Zhou Xiaokun, Lv Liang, Zhang Zhongyi, Wei Shuyang, Zheng Tong
Department of Neurosurgery, Affiliated Hospital of Guilin Medical University, Guilin, Guangxi, China.
College of Pharmacy, Guilin Medical University, Guilin, Guangxi, China.
J Gene Med. 2020 Oct;22(10):e3235. doi: 10.1002/jgm.3235. Epub 2020 Jun 18.
Accumulating long noncoding RNAs (lncRNAs) have been recognized to participate in glioma development. Nevertheless, knowledge of the role of linc00294 in glioma remains incomplete.
Bioinformatics analysis predicted the differential expression of LINC00294 and neurofilament medium (NEFM) in tumors and normal tissues, as well as the binding between LINC00294 and miR-1278, miR-1278 and NEFM. Luciferase and RNA immunoprecipitation assays were used for the verification of interactions. The potential role of LINC00294 in glioma development was investigated using functional assays, singly and in parallel with its interplay with miR-1278 and NEFM. Cell counting kit-8 and EdU assays were applied to measure cellular proliferation, whereas the terminal deoxynucleotidyl transferase dUTP nick end labeling (TUNEL) method was employed to detect apoptosis.

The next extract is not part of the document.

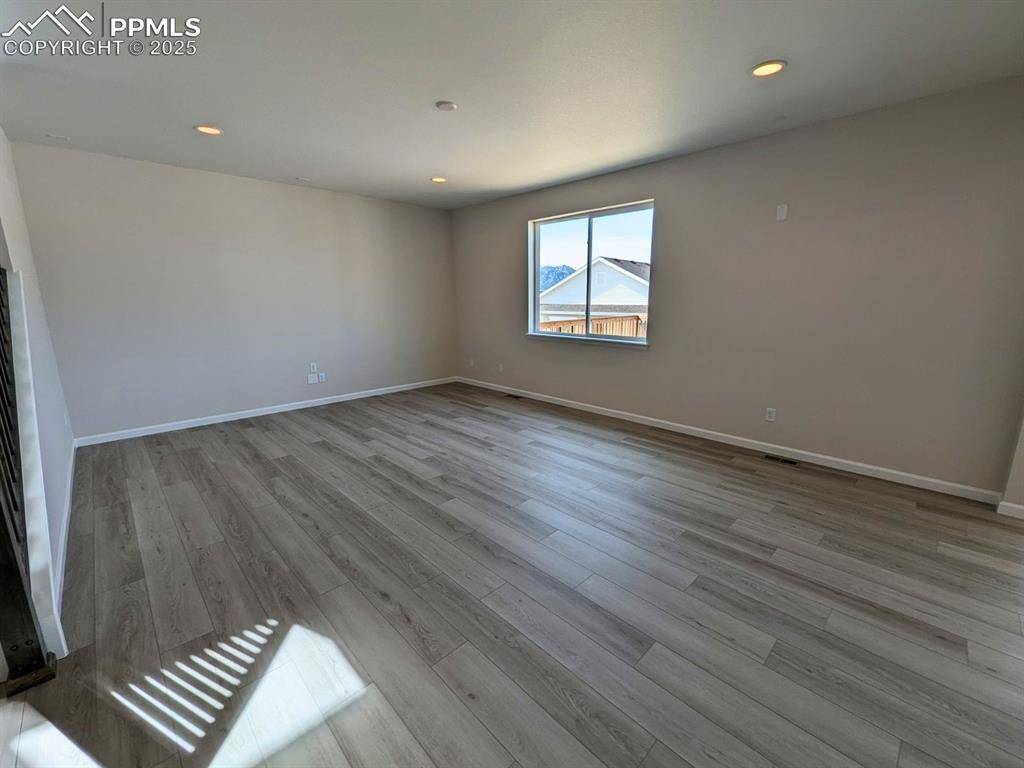 Monument, CO 80132,16840 Starfall DR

A new lncRNA, LINC00294, was highly expressed in normal brain tissues. However, it was markedly down-regulated in GBM tissues and glioma cell lines. Overexpression of LINC00294 abates glioma cell proliferation but induces apoptosis. Meanwhile, tumor suppressor NEFM was revealed to be distinctly diminished in cancerous conditions and enhanced in glioma cells by LINC00294 up-regulation. Interactions of miR-1278 with LINC00294 or NEFM occur, and the expression of NEFM is up-regulated by LINC00294 through their competition with respect to binding to miR-1278. Finally, the rescue assays further confirmed that LINC00294 inhibits glioma cell proliferation by absorbing miR-1278 to enhance NEFM.
Collectively, our observations demonstrate the tumor-suppressive function of LINC00294 in glioma development by sponging miR-1278 and promoting NEFM, suggesting a potential use in therapy for glioma.
越来越多的长链非编码RNA(lncRNA)被认为参与了胶质瘤的发展。然而,关于linc00294在胶质瘤中的作用的了解仍不完整。
生物信息学分析预测了LINC00294和神经丝中链(NEFM)在肿瘤组织和正常组织中的差异表达,以及LINC00294与miR-1278、miR-1278与NEFM之间的结合。荧光素酶和RNA免疫沉淀试验用于验证相互作用。通过功能试验单独或与miR-1278和NEFM相互作用并行研究LINC00294在胶质瘤发展中的潜在作用。使用细胞计数试剂盒-8和EdU试验来测量细胞增殖,而采用末端脱氧核苷酸转移酶dUTP缺口末端标记(TUNEL)法检测细胞凋亡。
一种新的lncRNA,LINC00294,在正常脑组织中高表达。然而,它在胶质母细胞瘤组织和胶质瘤细胞系中明显下调。LINC00294的过表达抑制胶质瘤细胞增殖但诱导细胞凋亡。同时,肿瘤抑制因子NEFM在癌性条件下明显减少,而在胶质瘤细胞中通过LINC00294上调而增加。miR-1278与LINC00294或NEFM之间存在相互作用,并且LINC00294通过与miR-1278竞争结合而上调NEFM的表达。最后,挽救试验进一步证实LINC00294通过吸收miR-1278以增强NEFM来抑制胶质瘤细胞增殖。
总体而言,我们的观察结果表明LINC00294在胶质瘤发展中通过海绵吸附miR-1278和促进NEFM发挥肿瘤抑制功能,提示其在胶质瘤治疗中的潜在用途。